The text that appears instead of an image is called the "alt-text." It's an optional field when inserting an image into an Online Express email blast. To add or edit the alt-text of an image:
  1. Log into the The Raiser's Edge
  2. Click on Online Express
  3. Click on Email Marketing
  4. Click Create new email to start a new message, or click on a subject line of an existing email under the Draft messages tab (at the bottom)
  5. On the Design email tab, insert an image into the email template or mouse over an existing image and click on Click to edit in the upper right
  6. On the image's Edit Content window, locate the Image alt-text: (optional) field in the upper right
  7. Enter the desired text (Tip: When used, keep the alt-text succinct as long alt-text values may be viewed as "spam" by some programs. For photos, a simple description can do, such as Volunteers helping build the playground in Miller Park during our annual work day last month. Or If the image contains information, such as event details, enter a minimum description, such as Save the date for our annual Summer Alumni Weekend coming June 5 through June 7 at the College.)
  8. Click Apply
  9. Optionally, repeat steps 5 through 8 for each additional image
  10. Continue to edit the email blast as desired
  11. When finished, click Save & Close or Save & continue to save the edits

About Alt-Text

The alt-text is generally available when working with images in emails and online.
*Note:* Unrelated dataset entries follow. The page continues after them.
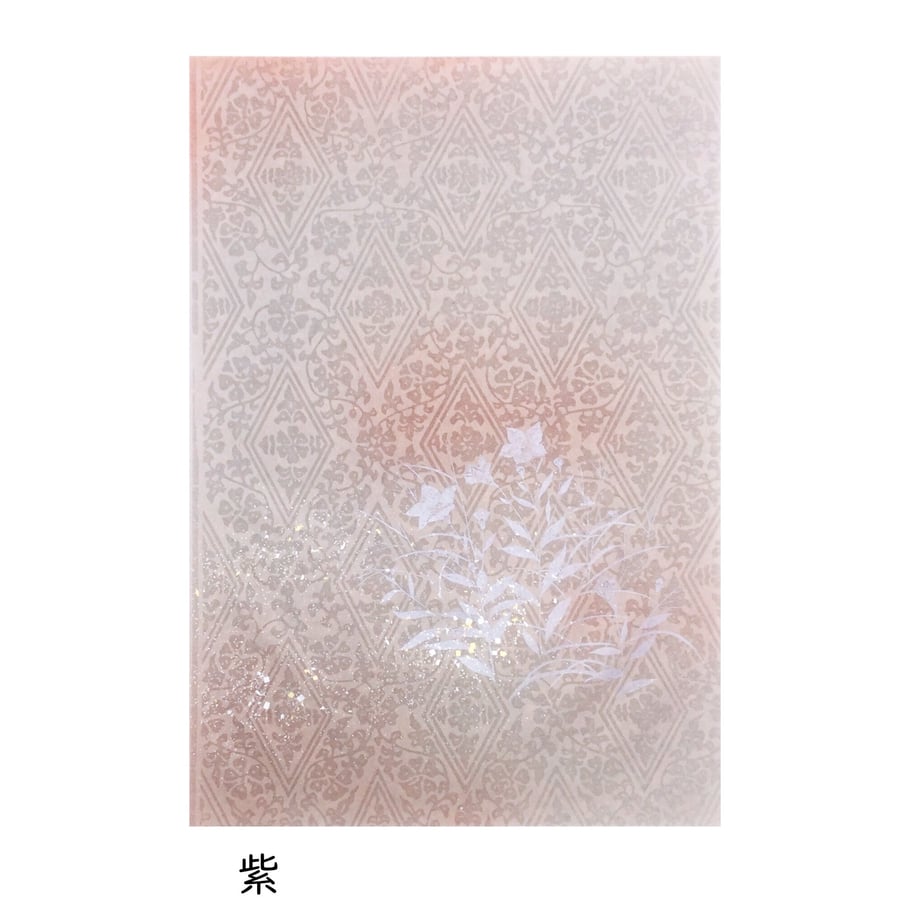 636c68304b08394af9470f93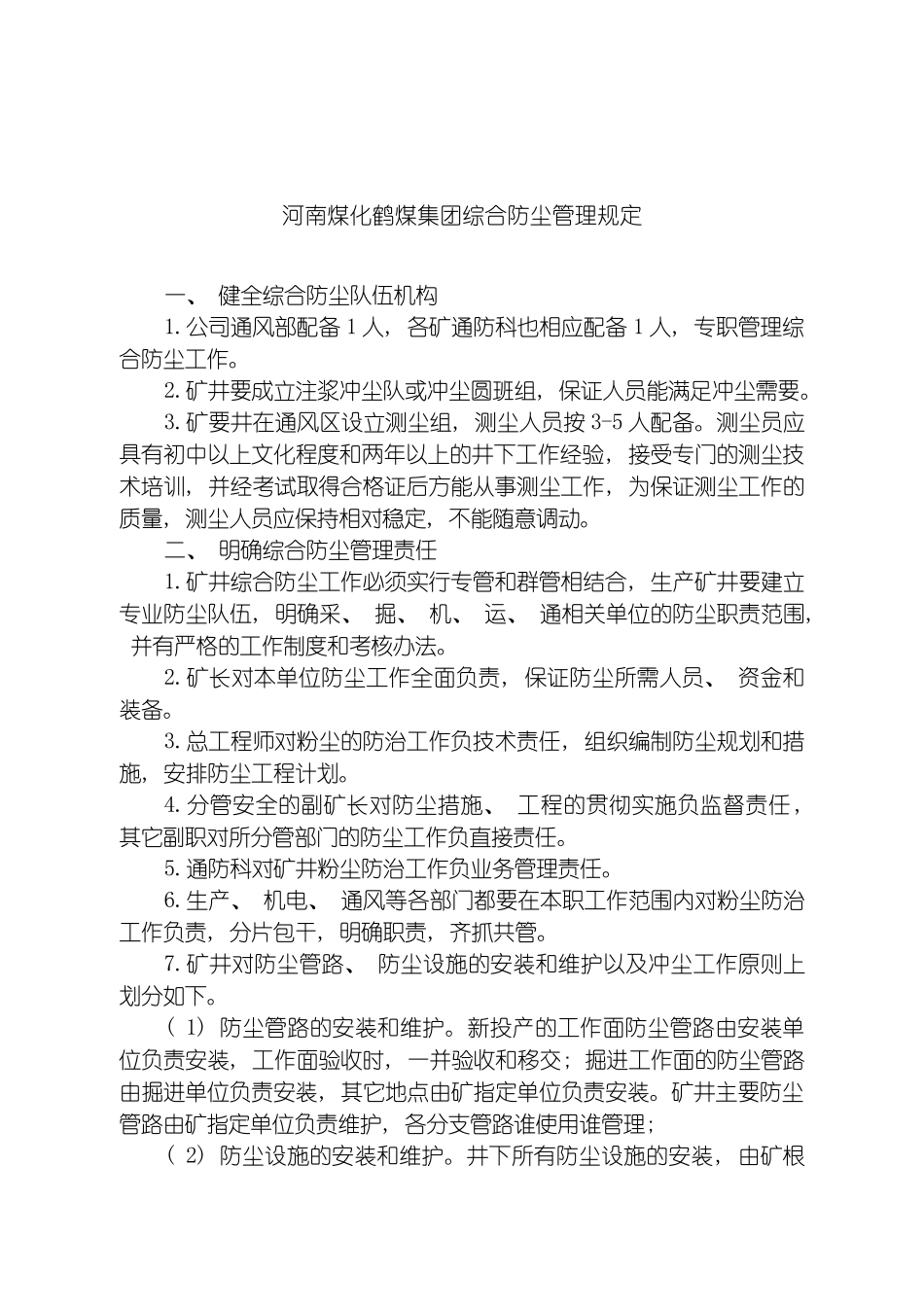 河南煤化鹤煤公司综合防尘管理规定模板_第2页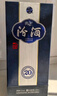 汾酒 青花20升級版 清香型白酒 53度500mL 單瓶（新版新包裝） 曬單實(shí)拍圖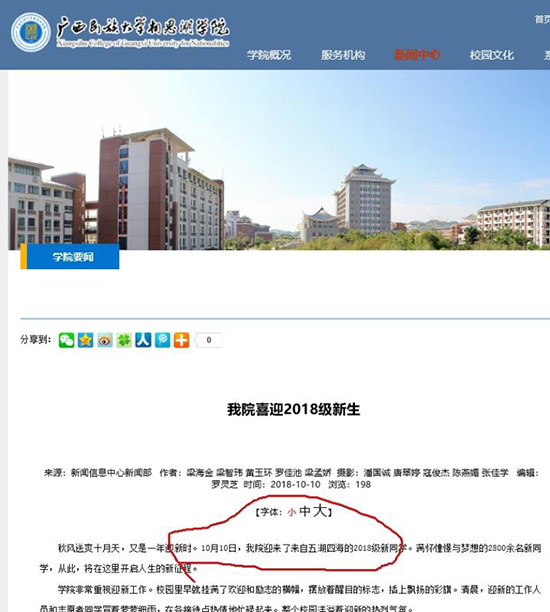 广西民族大学相思湖学院通过官网告知新生入学时间调整。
Look for a text field or description field when adding an image to online content to take advantage of this feature, or ask your webmaster if/how they are using it. Alt-text can be helpful to your website visitors and email recipients in the following ways:
  • If an email program or a web browser blocks images, then the alt-text can appear so they can see what the image or the information is. This can be handy if images are blocked due to their security settings. It's also useful for those who open email/websites on a mobile device that does not handle images well or is in a spot that has a slow data connection. 
  • The alt-text can assist website visitors and email recipients who use a "reader program" that reads screen text out loud (such as sight-challenged individuals) so they know what the image/information is.
  • On workstations (usually a desktop computer or laptop computer), the alt-text may appear as a hint beside the mouse cursor/pointer when moved over the image.
  • When used, keep the alt-text succinct as long alt-text values may be viewed as "spam" by some programs. For photos, a simple description can do, such as Volunteers helping build the playground in Miller Park during our annual work day last month. Or If the image contains information, such as event details, enter a minimum description, such as Mark your calendar for our Summer Alumni Weekend coming June 5 through June 7 at the College.
  • (Note: This is a general description of how the alt-text can work. However, its exact behavior/rendering can vary due to the device, operating system, web browsers, selected applications, and other environmental factors. Please consult with your IT, webmaster, and/or other product help/support for additional information. The rendering of "alt-text" is beyond the scope of Blackbaud Product Support.)